TASK BRIEF. Lower down are entries containing pictures. Copy exactly, without those pictures, the lines from the line with "طراحی سازه ویلای آقای زمانی" through the line with "八年级语文说课稿模板九篇_第3页".
Top of INPUT RECORDS
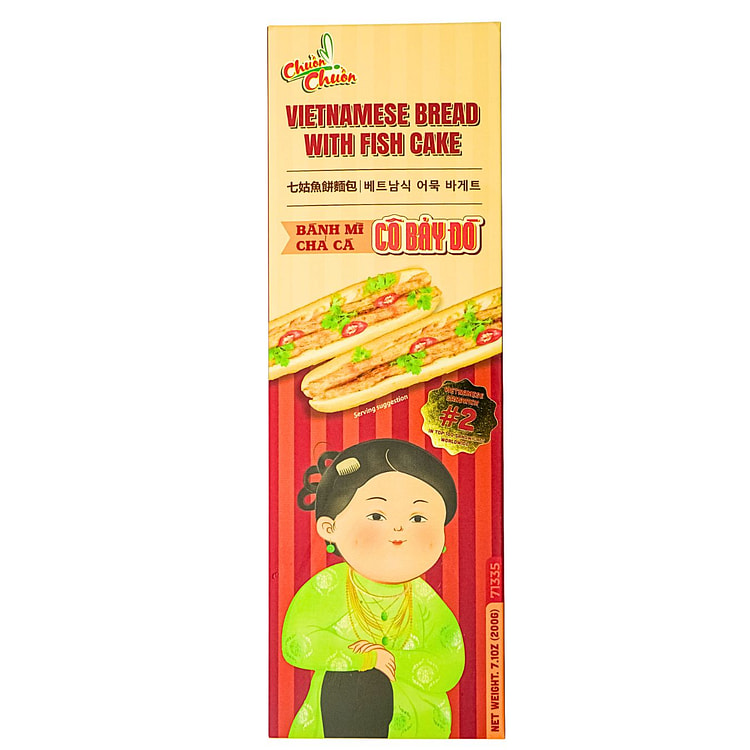Dragonfly-Frozen Vietnamese Bread with Fish Cake 200 g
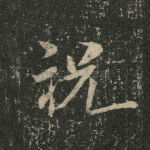 祝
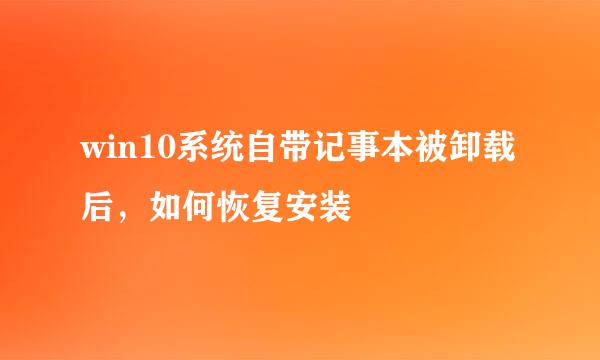 win10系统自带记事本被卸载后，如何恢复安装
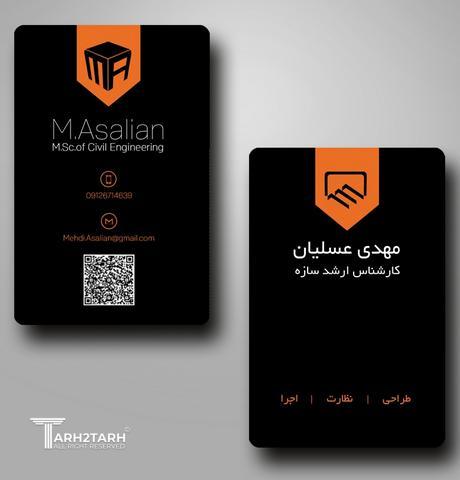 طراحی سازه ویلای آقای زمانی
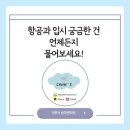 크루쓰승무원학원 이미지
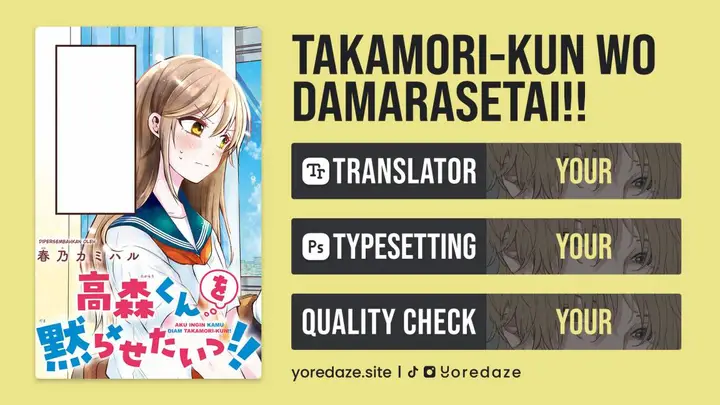 image-komik-takamori-kun-wo-damarasetai-chapter-1-0/23
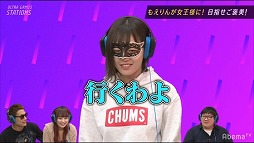 画像ギャラリー No.004のサムネイル画像 / AbemaTV，「ウルトラゲームステーションズ FORTNITE」#1の公式レポートを公開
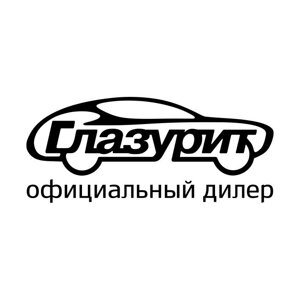 Глазурит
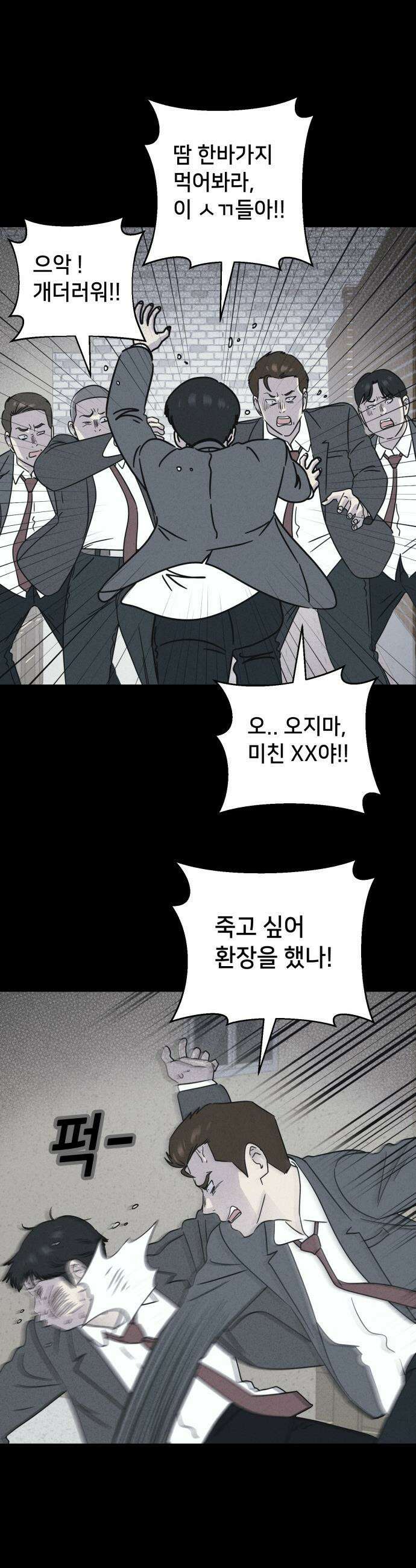 기기괴괴2 - 건조한 아이들 ＃3 26
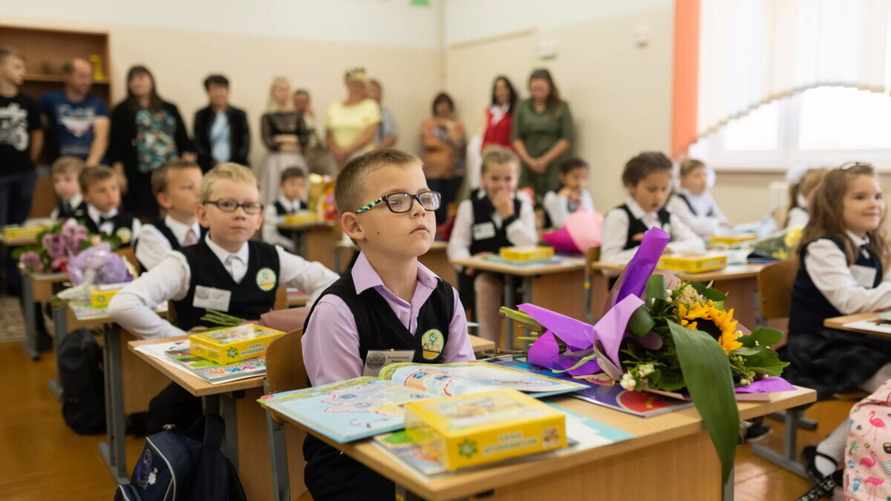 Фото иллюстративное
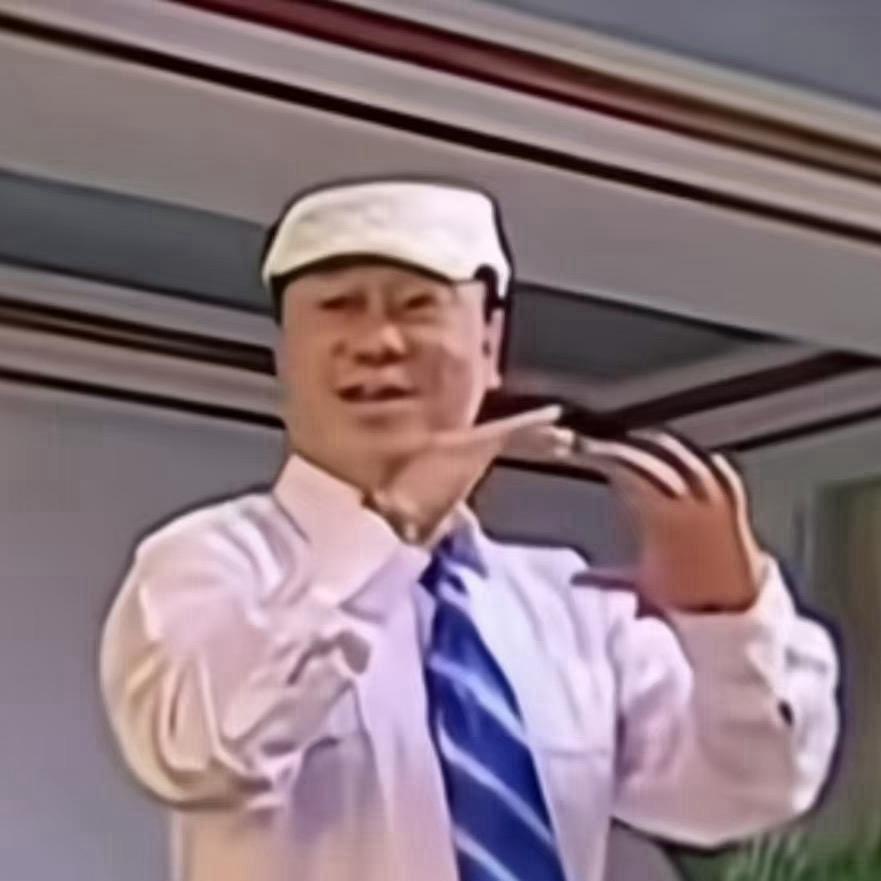 完了号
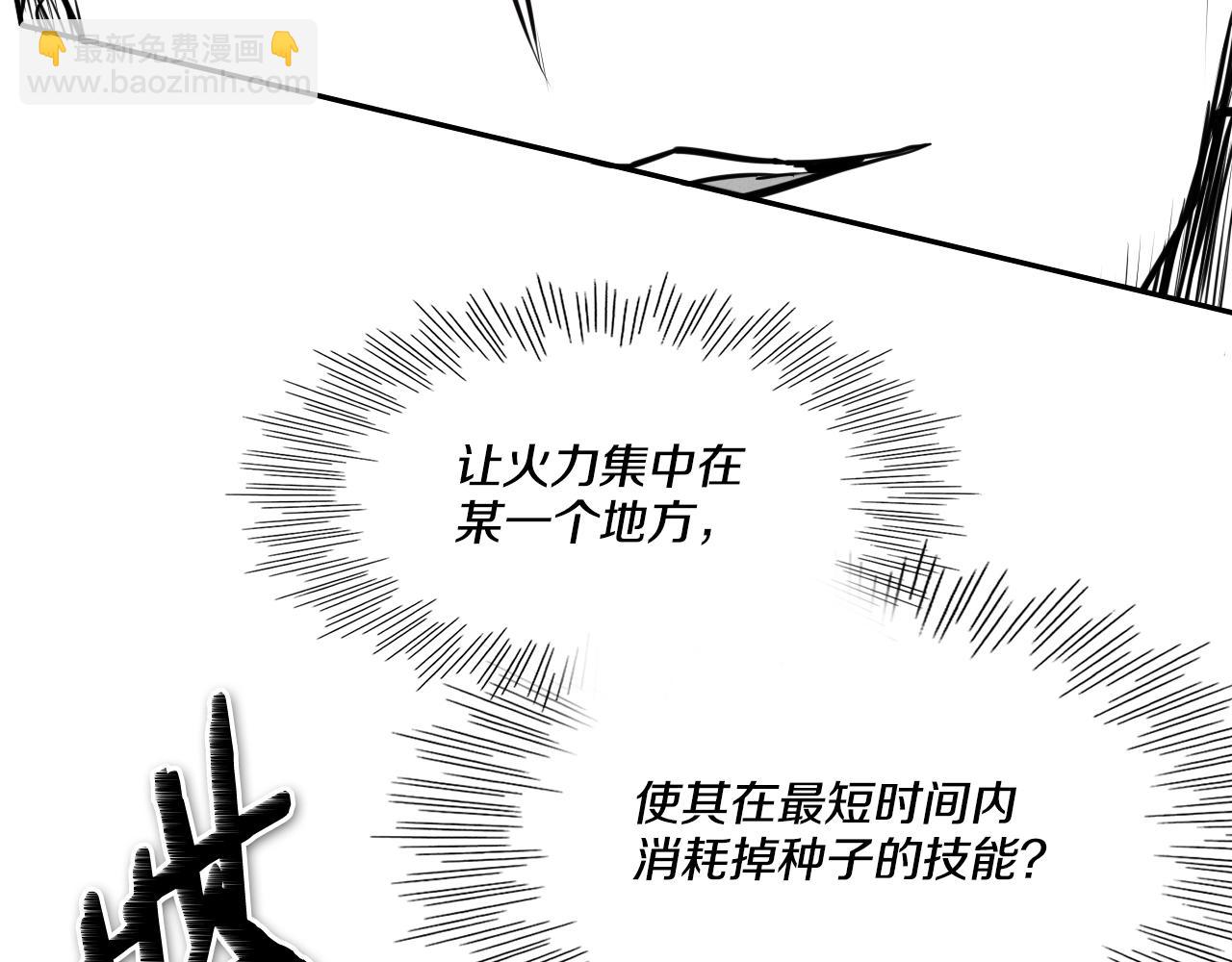 第157话 双火马车！67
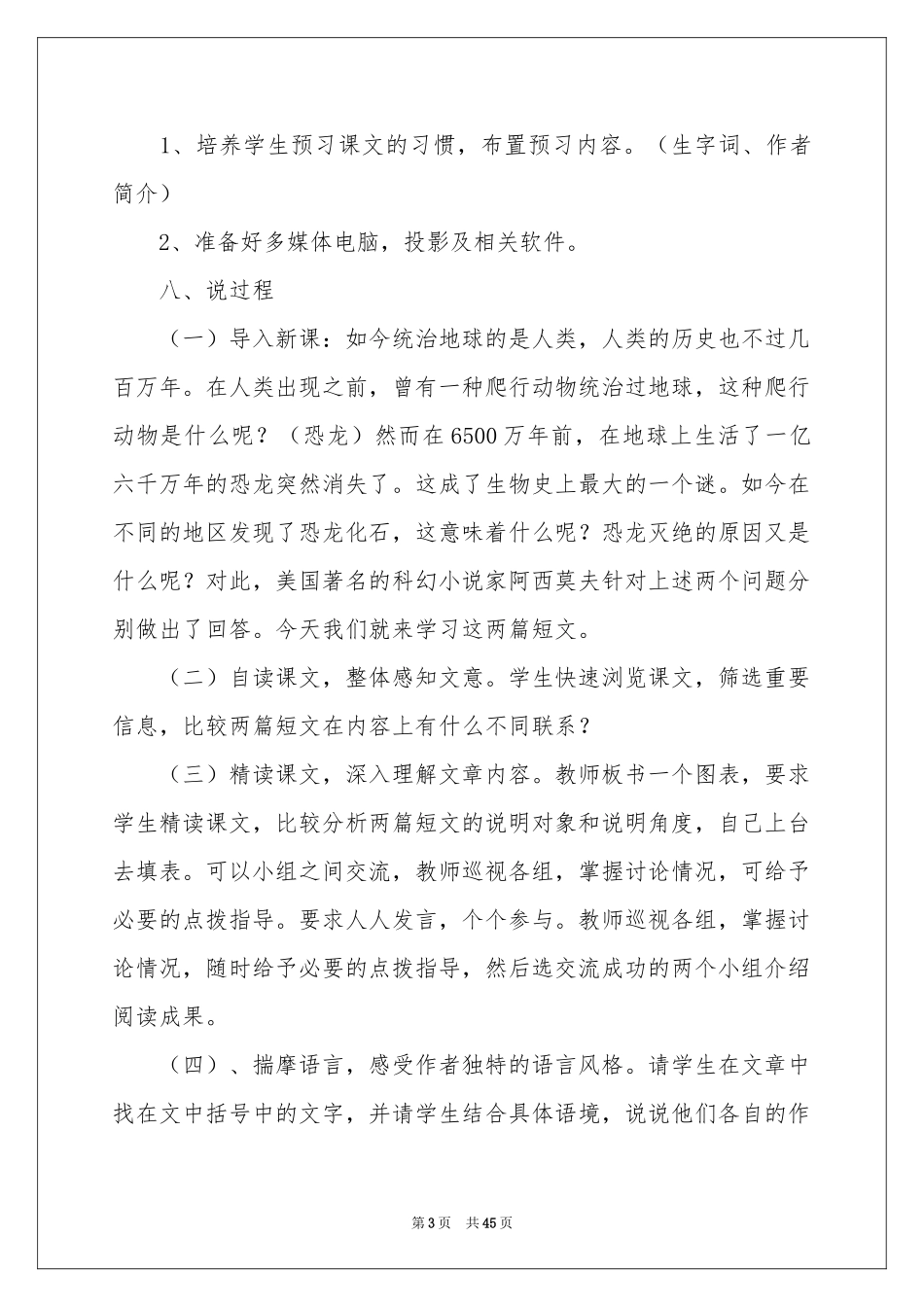 八年级语文说课稿模板九篇_第3页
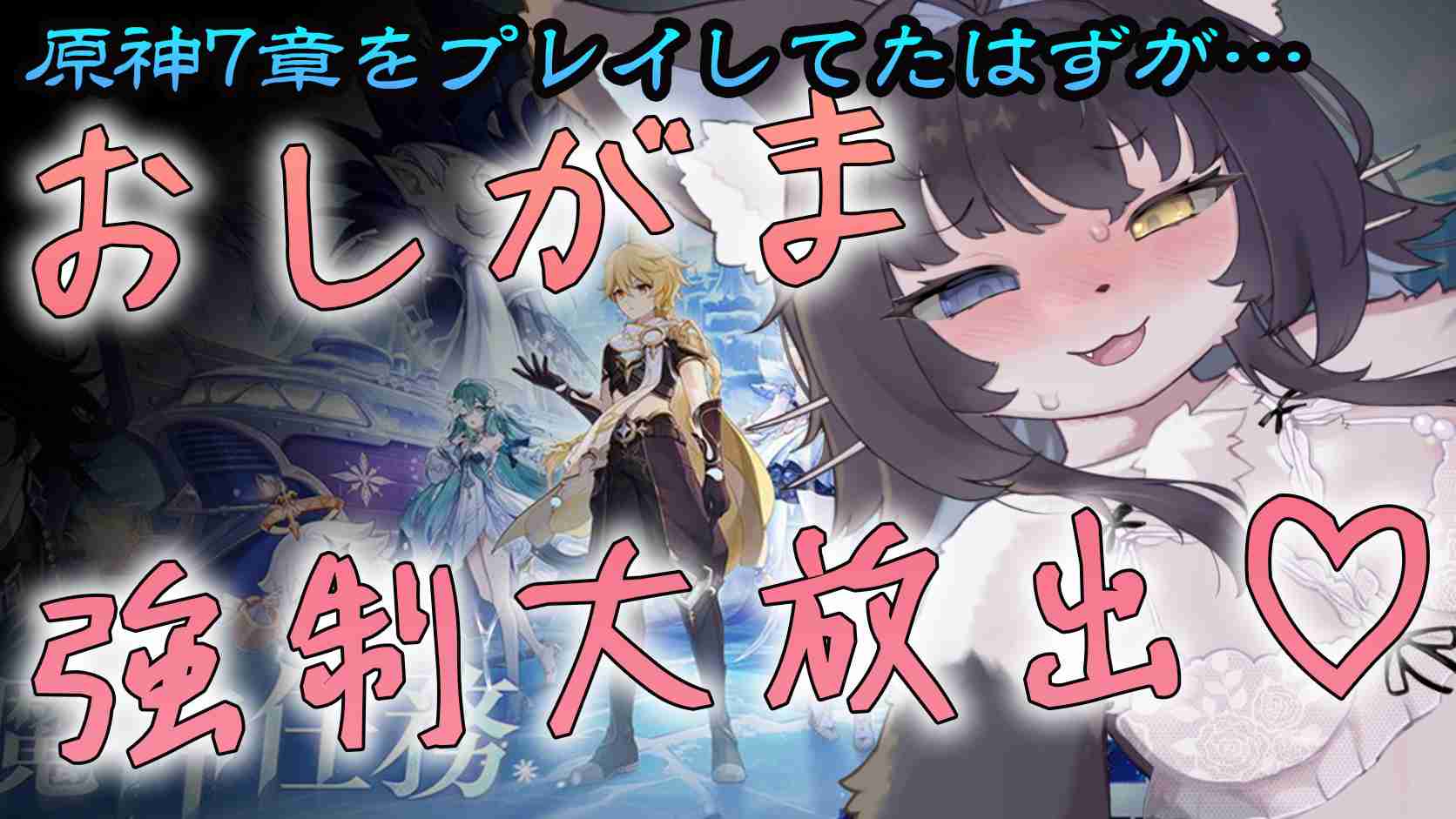 【おしがま💦】ゲームしてたはずなのにリスナーにぐいぐい飲まされ最後は自分でプッシュ♡【玉乃井ひのき/PROMISU】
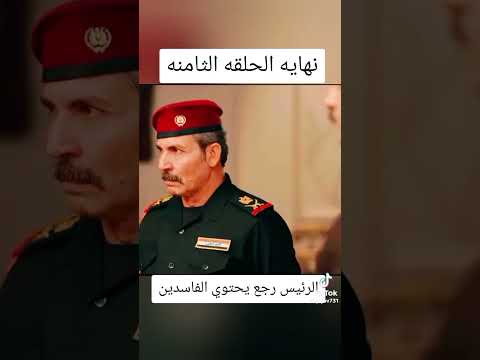 راس الهرم نهايه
Bottom of INPUT RECORDS
ANSWER SECTION.
 طراحی سازه ویلای آقای زمانی
 크루쓰승무원학원 이미지
 image-komik-takamori-kun-wo-damarasetai-chapter-1-0/23
 画像ギャラリー No.004のサムネイル画像 / AbemaTV，「ウルトラゲームステーションズ FORTNITE」#1の公式レポートを公開
 Глазурит
 기기괴괴2 - 건조한 아이들 ＃3 26
 Фото иллюстративное
 完了号
 第157话 双火马车！67
 八年级语文说课稿模板九篇_第3页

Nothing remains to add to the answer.